So the last 5 weeks have been incredible in so many ways. And exhausting I might add. I had no idea how many appointments Celia's case manager would have for me. This child has a schedule more rigorous than most adults. She has case plan meetings, doctor evaluations, more doctor evaluations, school, counseling, and then her fun church program on Wed. nights. You would think that she would never be bored though she does not want to sit still and think about all that life has dealt her so if she finds herself sitting for more than a moment, "I'm bored" usually follows.
Cole, Lexi, and Abby think she is the greatest thing to land on this house. At first, it was fine. They followed her everywhere watching her every move and mimicing it with great precision. They went upstairs when she did just so they wouldn't lose sight of her. They would wake from a nap and ask where she was before even saying hello to me. And as I knew it would, this soon became annoying to the one being parrotted. She has found a good balance and maintains her respect toward the tots, so I am really happy with how it is all working out.

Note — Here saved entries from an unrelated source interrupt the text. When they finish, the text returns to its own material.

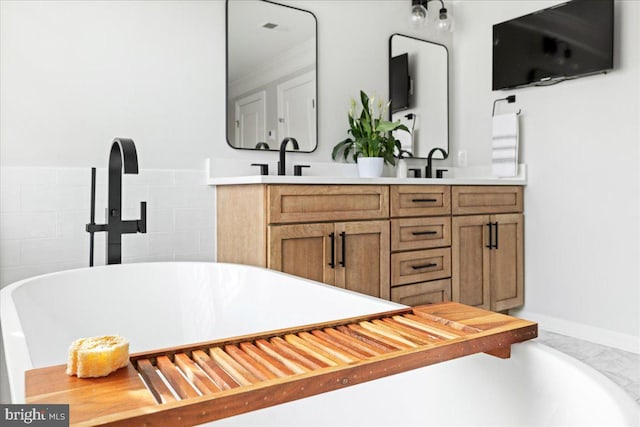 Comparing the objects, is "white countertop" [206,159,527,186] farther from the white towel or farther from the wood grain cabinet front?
the wood grain cabinet front

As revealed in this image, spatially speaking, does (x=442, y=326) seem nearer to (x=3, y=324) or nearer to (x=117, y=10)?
(x=3, y=324)

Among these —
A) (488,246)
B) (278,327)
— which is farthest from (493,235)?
(278,327)

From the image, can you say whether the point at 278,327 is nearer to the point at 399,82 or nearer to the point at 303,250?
the point at 303,250

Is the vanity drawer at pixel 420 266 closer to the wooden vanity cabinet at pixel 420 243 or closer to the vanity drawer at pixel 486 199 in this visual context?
the wooden vanity cabinet at pixel 420 243

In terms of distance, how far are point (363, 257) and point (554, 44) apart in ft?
5.81

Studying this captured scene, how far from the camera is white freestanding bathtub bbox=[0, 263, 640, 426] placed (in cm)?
97

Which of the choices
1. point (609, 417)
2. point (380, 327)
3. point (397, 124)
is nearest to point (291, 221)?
point (397, 124)

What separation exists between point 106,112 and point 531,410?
86.4 inches

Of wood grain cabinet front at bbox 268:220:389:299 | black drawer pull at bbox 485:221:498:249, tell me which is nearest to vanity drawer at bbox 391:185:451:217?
wood grain cabinet front at bbox 268:220:389:299

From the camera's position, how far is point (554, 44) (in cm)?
306

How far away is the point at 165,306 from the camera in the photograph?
6.94 ft

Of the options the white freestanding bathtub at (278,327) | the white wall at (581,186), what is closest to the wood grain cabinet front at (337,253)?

J and I also just went on a vacation to Aruba to celebrate our 10th wedding anniversary. It is hard to believe that 10 years has gone by but I am truly proud to say that it has been nothing but a pleasure to call myself "Fremouw". It was never so hard to leave for vacation as it was this time. Actually, to clarify, usually leaving on vacation is quite easy for me. I have no guilt. This time was so very different. It was during the school year which required transporting the tots to one school and Celia to another. And Celia was only with us for 3 weeks before we left. That was entirely too soon. I am not sure why God put this in the week that He did, but the whole trip I was concerned for Celia and her emotional state. She and the tots stayed with grandparents which was good and the children survived just fine- but it was really hard. It was really hard to know that so much was being put onto the grandparents while we were away, too. That was likely the hardest part.

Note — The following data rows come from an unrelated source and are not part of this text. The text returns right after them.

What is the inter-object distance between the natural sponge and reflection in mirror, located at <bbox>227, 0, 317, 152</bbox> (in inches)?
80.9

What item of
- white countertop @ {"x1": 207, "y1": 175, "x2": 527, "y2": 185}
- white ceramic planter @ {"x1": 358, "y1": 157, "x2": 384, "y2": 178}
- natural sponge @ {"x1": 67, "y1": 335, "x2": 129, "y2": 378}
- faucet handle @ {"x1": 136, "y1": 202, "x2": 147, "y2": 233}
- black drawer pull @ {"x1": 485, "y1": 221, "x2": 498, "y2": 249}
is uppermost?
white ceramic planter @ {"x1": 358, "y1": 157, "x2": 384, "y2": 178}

So how was Aruba? Well, it was simply FANTASTIC! We had iguanas coming onto the beach with us! We had talking parrots greet us every day at our hotel with a pathetic plea for crackers. We had the warmest ocean water one could imagine. We ate, we shopped a little, and gambled a little as well. We slept often and layed under an umbrella on the beach for countless hours. To sow our wild oats, we did an off roading Jeep island tour and took in the views and culture. It was a great trip and ended all too soon in some ways. But it is always good to come home.
We had a few rough days getting back into the swing of things once home but we are back to "normal". I don't really like the word "normal" because in our case, controlled chaos is normal. The two words can nearly be used interchangably.
So I guess that gets you caught up on what is happening. Not so much caught up on my feelings and thoughts, just on the facts of where I have been for the last long while. I know- after reading about Africa to skip to this is a plunge into Phoenix, isn't it?! Believe me, I know. It is hard to balance the lessons of Africa with the life of Phoenix. I hope to post more soon.